Cellular Therapy Approaches Late-Breaking AbstractTitle: Novel Cryopreserved Tumor Infiltrating Lymphocytes (LN-144) Administered to Patients with Metastatic Melanoma Demonstrates Efficacy and Tolerability in a Multicenter Phase 2 Clinical Trial Authors: Sarnaik, et al. Poster #: 515 Presentation date: Friday, November 10, 2017 Key Takeaways:
- Preliminary efficacy data from nine patients in Cohort 2 shows a DCR of 78% including three partial responses and a fourth awaiting confirmation.
- Preliminary data to date show that the safety profile of Gen 2 LN-144 therapy is similar to Gen 1 LN-144 therapy previously presented at ASCO 2017. The most common adverse events reported were pyrexia, anaemia and nausea.

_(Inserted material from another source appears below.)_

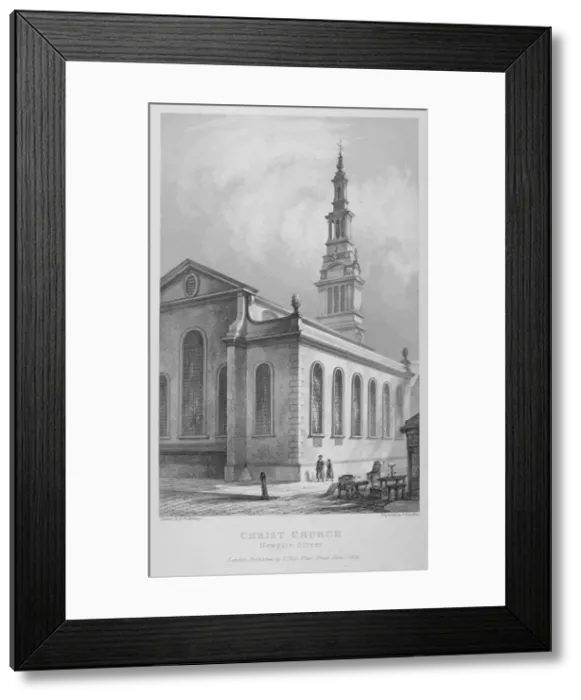 Framed Print : Christ Church, Newgate Street, City of London, 1838. Artist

- The Iovance Generation 2 manufacturing process produces a potentially potent TIL product with comparable quality attributes to the Generation 1 manufacturing process.
- The abbreviated 22-day expansion platform allows for the rapid generation of TIL product for patients in urgent need of therapy. The cryopreserved product also offers flexibility of patient dosing.
- The cryopreserved drug product introduces critical logistical efficiencies allowing flexibility in distribution, and overcomes traditional barriers to the wider application of TIL therapy.
- Commercial manufacturing of TIL products will require a robust analytical platform to ensure consistent delivery of products meeting the critical quality attributes of cellular therapeutics.
- Study shows TIL products manufactured by Iovance are composed of greater than 99% CD45+CD3+ T cells.
- Residual melanoma cells in TIL products were below the limit of detection using a specialized assay developed for this assessment.
- This study demonstrates the positive effects of adding IL-15 and IL-21 to the standard IL-2-containing cell culture in an ex vivo TIL generation protocol.